Whitehill, Walter Muir 1970. Museum of Fine Arts, Boston: A Centennial History. Cambridge, Mass: The Berklap Press of Harvard University Press).
A Tale of a Divine World Savior and a Mortal Curator
By: Pratapaditya Pal
All conquering is the Savior of the World.
His lotus hand, stretched down in charity,
is ripping streams of nectar to assuage
the thirsty spirits of the dead.
His glorious face is bright with gathered moonlight
and his glance is soft
with that pity that he bears within. [1]
1
So exalts the poet Ratnakirti of unknown date in a panegyric of the Bodhisattva known variously as Lokanatha (Savior of the World), Lokeshvara (Lord of the World) or the overarching Avalokiteshvara (The Allseeing Lord). The most popular of the class of Mahayana Buddhist savior divinities, generically referred to as bodhisattva (literally wisdom being), they are considered as persons who have arrived at the threshold of enlightenment or nirvana but have held back out of compassion to help those less fortunate in reaching the goal. As another poet (also of unknown date) Buddhakara prays “May that great saint, his body formed by moonlight…/dispel your grief and grant you/the streaming nectar of his peaceful happiness.”

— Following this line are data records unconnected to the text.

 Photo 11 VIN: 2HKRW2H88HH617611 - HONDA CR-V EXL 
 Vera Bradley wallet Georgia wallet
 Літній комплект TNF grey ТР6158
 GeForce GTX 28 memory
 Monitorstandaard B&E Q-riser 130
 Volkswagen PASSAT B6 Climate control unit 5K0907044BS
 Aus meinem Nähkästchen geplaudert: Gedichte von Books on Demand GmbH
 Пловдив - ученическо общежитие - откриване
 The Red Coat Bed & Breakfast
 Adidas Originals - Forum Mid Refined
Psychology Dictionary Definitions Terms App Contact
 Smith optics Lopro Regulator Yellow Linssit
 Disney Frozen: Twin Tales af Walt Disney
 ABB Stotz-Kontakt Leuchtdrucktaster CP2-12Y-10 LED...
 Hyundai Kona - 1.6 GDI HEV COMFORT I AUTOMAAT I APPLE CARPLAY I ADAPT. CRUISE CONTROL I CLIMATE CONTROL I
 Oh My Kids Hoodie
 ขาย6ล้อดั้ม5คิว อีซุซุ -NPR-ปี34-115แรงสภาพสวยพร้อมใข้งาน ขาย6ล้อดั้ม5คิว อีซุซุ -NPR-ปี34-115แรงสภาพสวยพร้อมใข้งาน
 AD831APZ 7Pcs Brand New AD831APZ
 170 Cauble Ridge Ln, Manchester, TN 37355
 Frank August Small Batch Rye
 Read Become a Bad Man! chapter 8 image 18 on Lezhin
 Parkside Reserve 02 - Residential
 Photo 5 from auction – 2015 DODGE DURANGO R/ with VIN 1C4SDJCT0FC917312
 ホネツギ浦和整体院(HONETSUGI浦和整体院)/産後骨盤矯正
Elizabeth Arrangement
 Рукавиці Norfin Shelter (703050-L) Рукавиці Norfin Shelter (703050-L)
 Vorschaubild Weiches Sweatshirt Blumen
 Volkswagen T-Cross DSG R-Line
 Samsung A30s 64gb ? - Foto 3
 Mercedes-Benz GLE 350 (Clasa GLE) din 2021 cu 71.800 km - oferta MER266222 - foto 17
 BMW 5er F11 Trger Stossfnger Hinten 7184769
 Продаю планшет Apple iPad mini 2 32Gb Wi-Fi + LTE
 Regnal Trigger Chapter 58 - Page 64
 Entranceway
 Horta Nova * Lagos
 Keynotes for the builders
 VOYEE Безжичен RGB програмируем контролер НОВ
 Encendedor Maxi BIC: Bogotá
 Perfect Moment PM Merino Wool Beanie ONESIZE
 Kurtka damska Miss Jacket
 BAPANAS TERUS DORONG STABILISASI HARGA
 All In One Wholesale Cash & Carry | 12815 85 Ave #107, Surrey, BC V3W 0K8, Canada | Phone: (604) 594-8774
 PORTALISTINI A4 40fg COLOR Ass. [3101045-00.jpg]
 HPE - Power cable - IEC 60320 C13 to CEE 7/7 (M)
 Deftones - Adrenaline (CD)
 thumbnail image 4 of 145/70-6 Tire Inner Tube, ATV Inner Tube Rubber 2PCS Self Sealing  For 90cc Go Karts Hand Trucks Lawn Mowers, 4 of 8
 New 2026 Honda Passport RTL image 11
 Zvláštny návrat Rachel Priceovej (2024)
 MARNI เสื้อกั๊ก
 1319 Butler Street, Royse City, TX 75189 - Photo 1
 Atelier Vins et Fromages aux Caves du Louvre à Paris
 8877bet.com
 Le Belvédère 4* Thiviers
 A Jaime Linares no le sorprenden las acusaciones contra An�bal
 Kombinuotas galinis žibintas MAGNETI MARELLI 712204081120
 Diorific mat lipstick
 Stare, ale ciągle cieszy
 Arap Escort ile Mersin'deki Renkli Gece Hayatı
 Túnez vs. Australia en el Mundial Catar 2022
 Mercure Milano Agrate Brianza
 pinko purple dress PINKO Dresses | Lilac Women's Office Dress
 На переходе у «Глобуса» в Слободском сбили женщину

Thus a bodhisattva could be divine or mortal person and of either gender. The Dalai Lama of Tibet is considered an earthly emanation of the Bodhisattva Avalokiteshvara.
This preeminent bodhisattva of Mahayana (the Great Vehicle) Buddhism, which developed in India during the early centuries of the Common Era, the Lotus-bearer (Padmapani) has remained an inspiration among the followers of this particular form of the religion. As a result, he has a wide variety of iconographic forms in both India and all other countries of Asia where his cult spread, as is clear from the surviving archaeological and literary evidence. He was especially venerated in the region of present day Bihar, West Bengal and Bangladesh in the Indian subcontinent between the 8th and 12th centuries from where numerous images of the deity have survived but few as monumental as the one that is the principal subject of this essay. Although created nine centuries ago, the afterlife of the object in the west in the 20th century brings us to the second component of our title: the “mortal curator.”
Apart from the art historical and aesthetic significance of the sculpture, to be discussed presently, it has an unusual importance for today’s museums and private collectors for its recent history. As it has now become obligatory for an object to have a pucca, unassailable provenance that was not a desideratum when I first came to work at the Museum of Fine Arts, Boston (MFA) in 1967, it would be difficult to find an antiquity with a better pedigree than this sculpture. Besides having been sold at two public auctions in New York in the mid-20th century, its arrival and earlier history in America can be traced back to 1922, which makes its American existence almost a century old [2].
It was first acquired in the year 1922 for the Boston Museum by none other than Dr. Ananda Kentish Coomaraswamy (1877-1947) (fig. A). In 1917, when the museum was already world famous for its rich collection of Chinese and Japanese art, it obtained a substantial assemblage of Indian art from Coomaraswamy who had begun amassing the material mostly in India under the British Raj around 1910. At the time there was no restriction in the movement of art among the various nations or from continent to continent. One of the greatest patrons and benefactors of the museum Dr. Denman Ross (1853-1935), a wealthy Bostonian and a professor of art and design at Harvard University (as well as a MFA trustee) had been steadily forming a vast private collection of art of global diversity, including India since the late 19th century [3]. Ross and Coomaraswamy had met in London in the first decade of the 20th century and it was largely due to their cooperation that the museum had secured the famous Goloubew Collection of Indian and Persian paintings in 1914 which Coomaraswamy would publish a few years after joining the museum in 1917 [3].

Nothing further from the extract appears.